The Government has been levying a petrol excise for the past 17 years. About 50 per cent of the bowser price is made up of taxes.

It has also scrapped its bi-annual CPI index assessment. Normally the excise on petrol would be raised depending on the inflation rate as assessed in February and August.

The Government has ordered the Australian Competition and Consumer Commission to make sure petrol stations pass on the excise rise immediately.

Motor Trade Association of WA executive director Peter Fitzpatrick said the Government’s fuel flip meant $550 million back to small businesses and motorists.

“There is no doubt this move was driven by poll results. This is people power at work,” Mr Fitzpatrick said.

“The main benefit with this is the end of indexation twice a year. It means the Government will no longer be able to rely on petrol for general revenue.

“Petrol is an inflationary product. It reflects in most everything sold in the community. Taxing petrol at the rate the Government does is highly inflationary.

“The 1.5 cents per litre drop is a symbolic gesture. At least John Howard acknowledges he should not have charged that last increase on top of the GST.”
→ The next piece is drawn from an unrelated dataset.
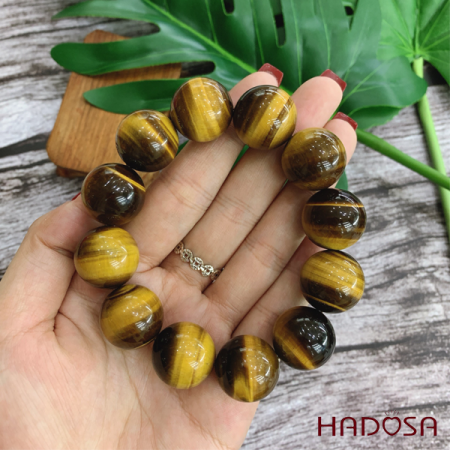 Vòng đá Mắt Hổ vàng nâu 18mm cao cấp chuẩn 5A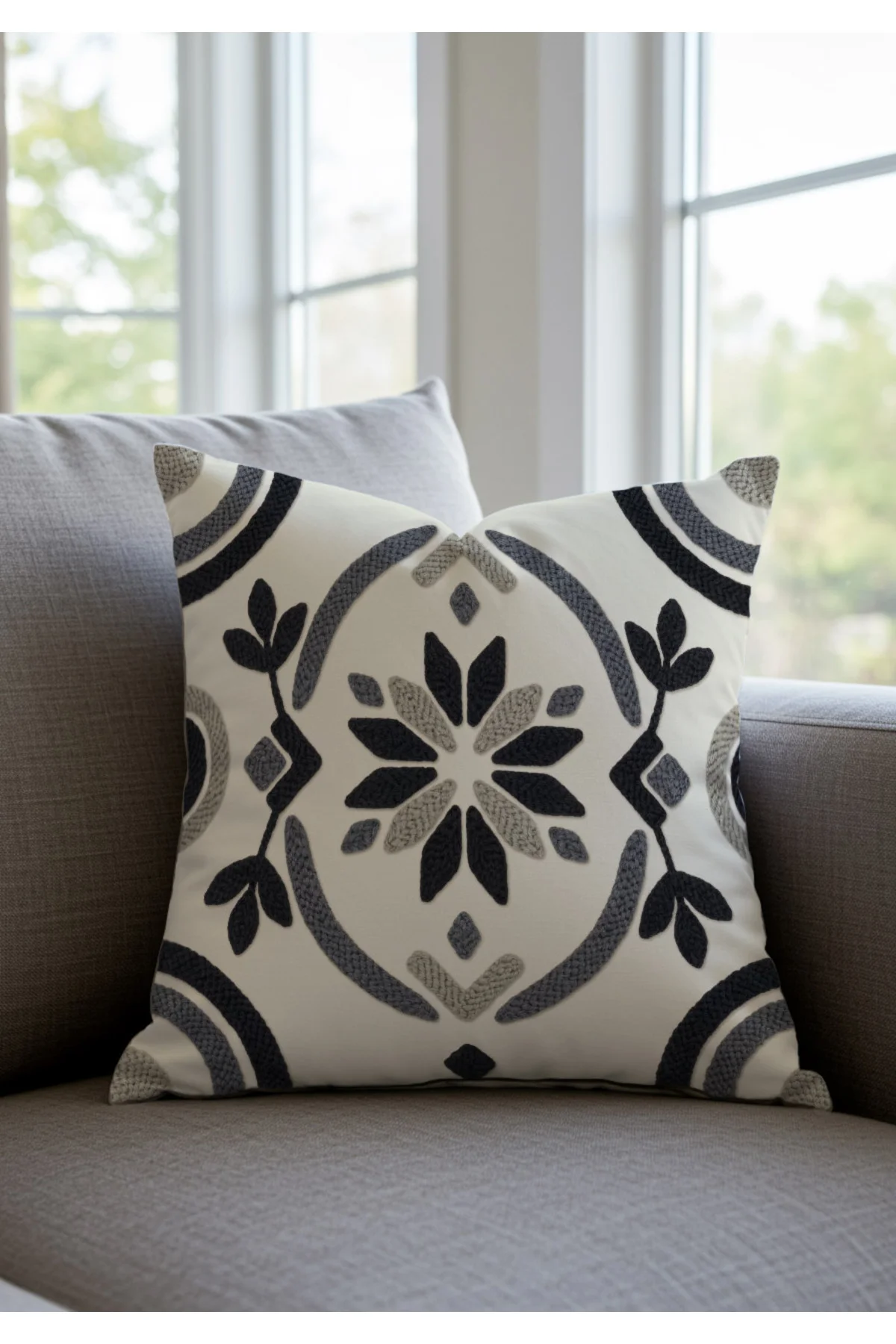 Punch Nakış Görünümlü Dijital Baskılı Modern Geometrik Desen Gri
However, Mr Fitzpatrick believes the excise cut will have little effect on metropolitan petrol prices.

“There is a price support cycle in place. The oil companies may take the excise off their wholesale price but then they could reduce their price support,” he said.

Combined Small Business Associations of WA president Oliver Moon said the excise would have little effect for small business because of this.

“From COSBA’s point of view, the Prime Minister has done the right thing by removing the excise,” Mr Moon said.

“But we have to be realistic. The reality is it is big business that is ripping off small business.

“It is interesting when the Government hikes the petrol price up 1.5 cents per litre – there is a big hue and cry but there is little reaction when the petrol companies rise their wholesale price.”